[Exercise input]
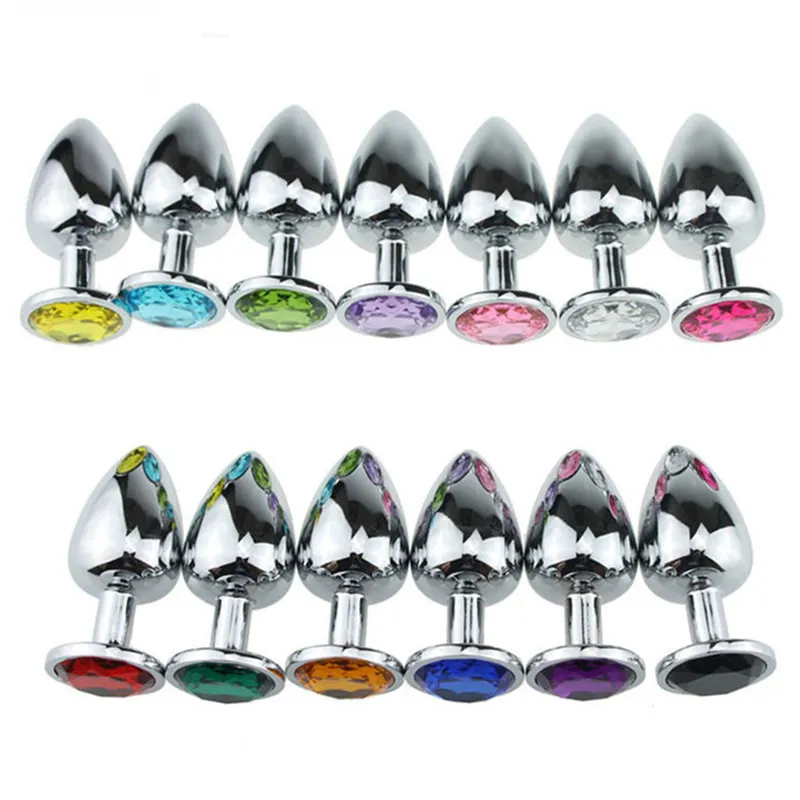 Plug anale Impermeabile in acciaio inossidabile Tocco liscio Butt plug Giocattoli del sesso Prodotti per donne Uomini Coppia giocattolo Buttplu_voghion.com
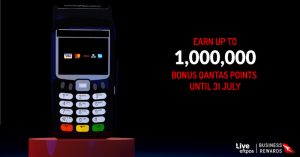 Earn up to 1 million bonus Qantas Points with Live eftpos black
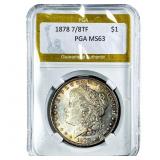 1878 7/8TF Morgan Silver Dollar PGA MS63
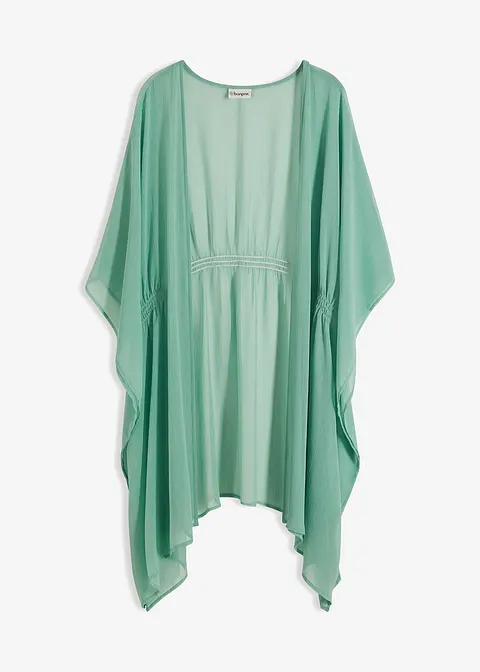 Chiffon Strand Tunika in grün von vorne - bonprix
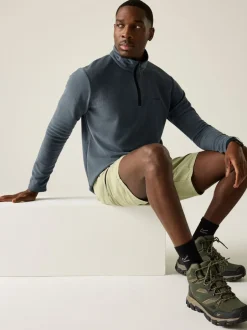 Sportkleding|Jassen En Jacks*Regatta Grijs - Thompson fleece met rits bij de hals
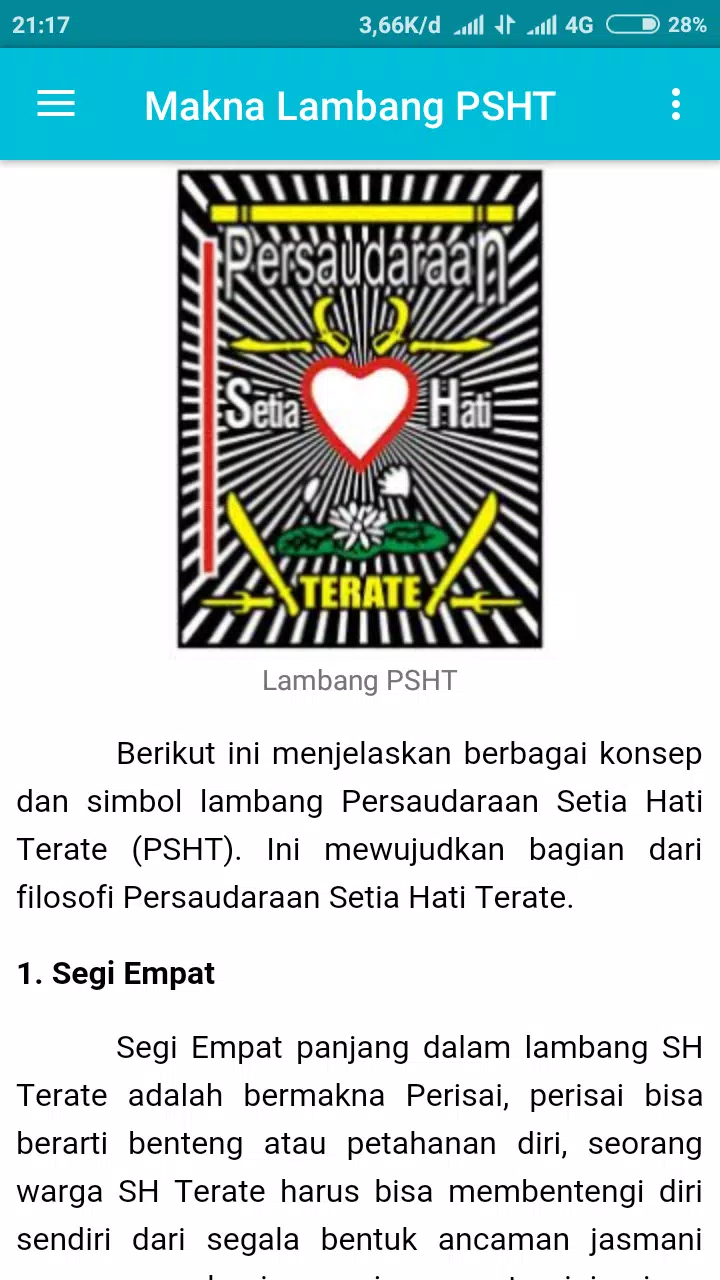 Detail Gambar Psht Terate Nomer 36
[/Exercise input]
- _Exercise brief_: What is needed is every line of the data above, set down exactly but with the images left out.

- _Your solution_:
 Plug anale Impermeabile in acciaio inossidabile Tocco liscio Butt plug Giocattoli del sesso Prodotti per donne Uomini Coppia giocattolo Buttplu_voghion.com
 Earn up to 1 million bonus Qantas Points with Live eftpos black
 1878 7/8TF Morgan Silver Dollar PGA MS63
 Chiffon Strand Tunika in grün von vorne - bonprix
 Sportkleding|Jassen En Jacks*Regatta Grijs - Thompson fleece met rits bij de hals
 Detail Gambar Psht Terate Nomer 36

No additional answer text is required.